I think homesteading can get insular and isolated instead of expansive and connecting, but the point of what we're doing is not to have outrageously tasty or healthy food (I have the tastebuds and culinary discretion of a rock), but to find ways towards justice that start in the home, and even with my appetite-- my appetite for leisure and what constitutes a good life, and also my appetite for actual food. I dream about finding ways to go about our daily life that seem abundant rather than impoverishing or austere, yet are not dependent on vast supplies of money or natural resources. There are many problems with the world, of course, and our job is not to fix all of them, but it does seem important right now not to be complacent. Which is to say, homesteading is not some kind of advanced lifestyle design for us. I don't think it really makes us happier. It is not inherently easier, or even more satisfying, than focusing on other stuff. I still think it is quite an important way forward for people in our privileged (ie pretty rich) demographic. Sometimes it feels like we work towards equality just enough to stay super privileged, which annoys me no end because then we (to be clear, here I'm talking about me, not you) get to feel self-righteous AND privileged.
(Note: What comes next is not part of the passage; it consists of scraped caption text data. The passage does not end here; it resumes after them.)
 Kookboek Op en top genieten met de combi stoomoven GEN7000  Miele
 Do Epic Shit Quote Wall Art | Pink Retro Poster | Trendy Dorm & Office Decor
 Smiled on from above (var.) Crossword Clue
I read somewhere vaguely reputable that people tend to be kinder and less prejudiced in abundant communities, and that's been an important insight for me. When there's scarcity of resources (or perceived scarcity), we become more racist and more violent. This is not to give prejudice a free pass, but to say that my need for a fancy computer is not completely separate from someone's experience of violence in the township next to me. When I was 16, attending an international school, I learned deeply that we were all the same-- princes and refugee kids-- and that belief has stayed with me. Still, when I'm in settings with people who are different from me, now, it's harder to be innocent and open. So I'm trying to get back to open and humble when faced with really different perspectives on the world.
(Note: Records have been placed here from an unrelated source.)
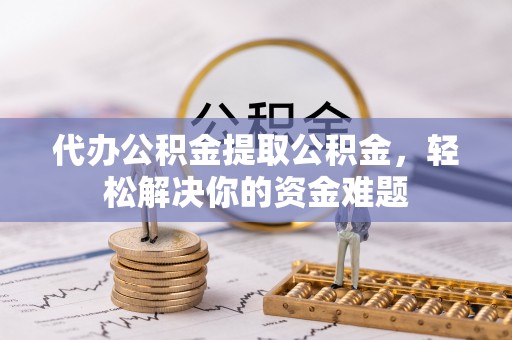 含山代办公积金提取公积金，轻松解决你的资金难题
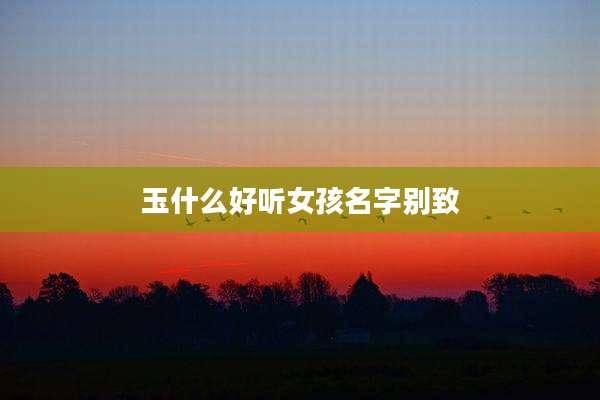 玉什么好听女孩名字别致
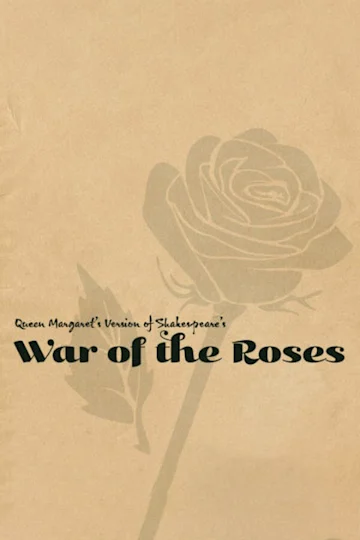 Queen Margaret's Version of Shakespeare's War of the Roses tickets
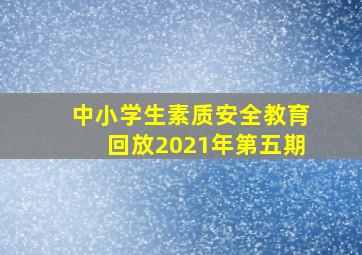 中小学生素质安全教育回放2021年第五期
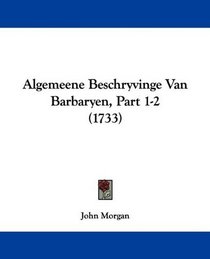 Algemeene Beschryvinge Van Barbaryen, Part 1-2 (1733) (Dutch Edition)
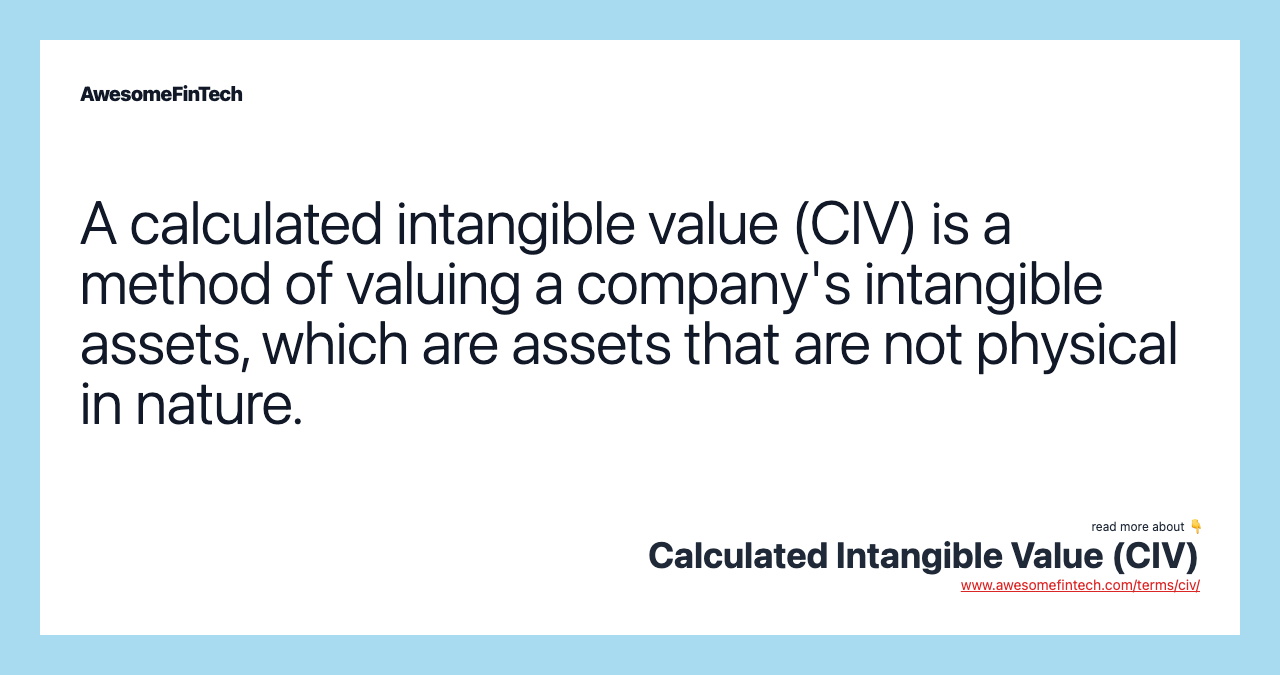 A calculated intangible value (CIV) is a method of valuing a company's intangible assets, which are assets that are not physical in nature.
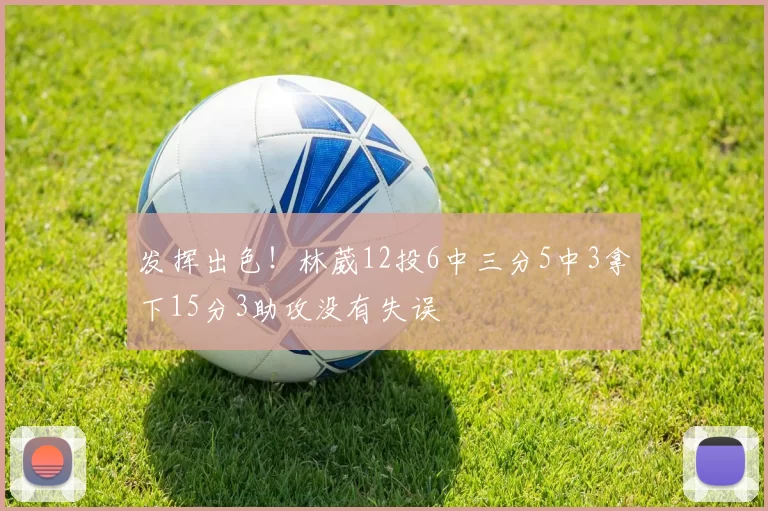发挥出色！林葳12投6中三分5中3拿下15分3助攻没有失误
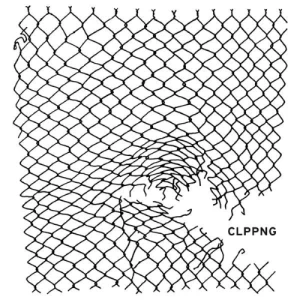 Clipping. - CLPPNG | CD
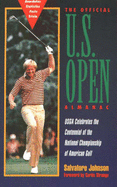 The Official U.S. Open Almanac: USGA Celebrates the Centennial of the National Championship of American Golf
This month, we got a tiny rabbit, a baby guinea pig, and had a new set of ducks. 3 of our ducklings were killed by a ghenet-- horribly, 1 from a hole in the head, and two, seemingly from sheer fright. We have to balance the ducklings' freedom to roam with trying to protect the ducks from predation. At around 8 weeks, they're free ranging most of the day, and shut away at dusk and dawn, when it seems the predation is the worst. Losing ducklings creates a bit of a tension. It bothers me when we lose ducks. At the same time I feel more concretely that these ducks would be eaten by predators if not by us-- what we are engaged in is inherently different from nature, even as we try to give the ducks "natural" "free-ranging" abundant life. Still, when we hone in on our food needs-- on the calories best provided by animals given the constraints of time, money, land-- eating ducks makes sense. It makes sense differently over time. That is, as our farm provides more calories and I have more time to focus on growing vegetables, and the fruit and nut trees begin to bear, we may look at the few thousand calories provided by ducks every month as less justifiable (or we may be more comfortable with the process by then). I don't know.

Drip Irrigation

We are in Level 3 water restrictions this year. We're in year 2 of a pretty bad drought. It's very serious, and no use of hoses is allowed. So we were faced with difficult choices about our trees. I've invested a lot of time and energy into planting trees, and though we've lost a couple to mole rats, in general this is the year where the trees could really grow and get established.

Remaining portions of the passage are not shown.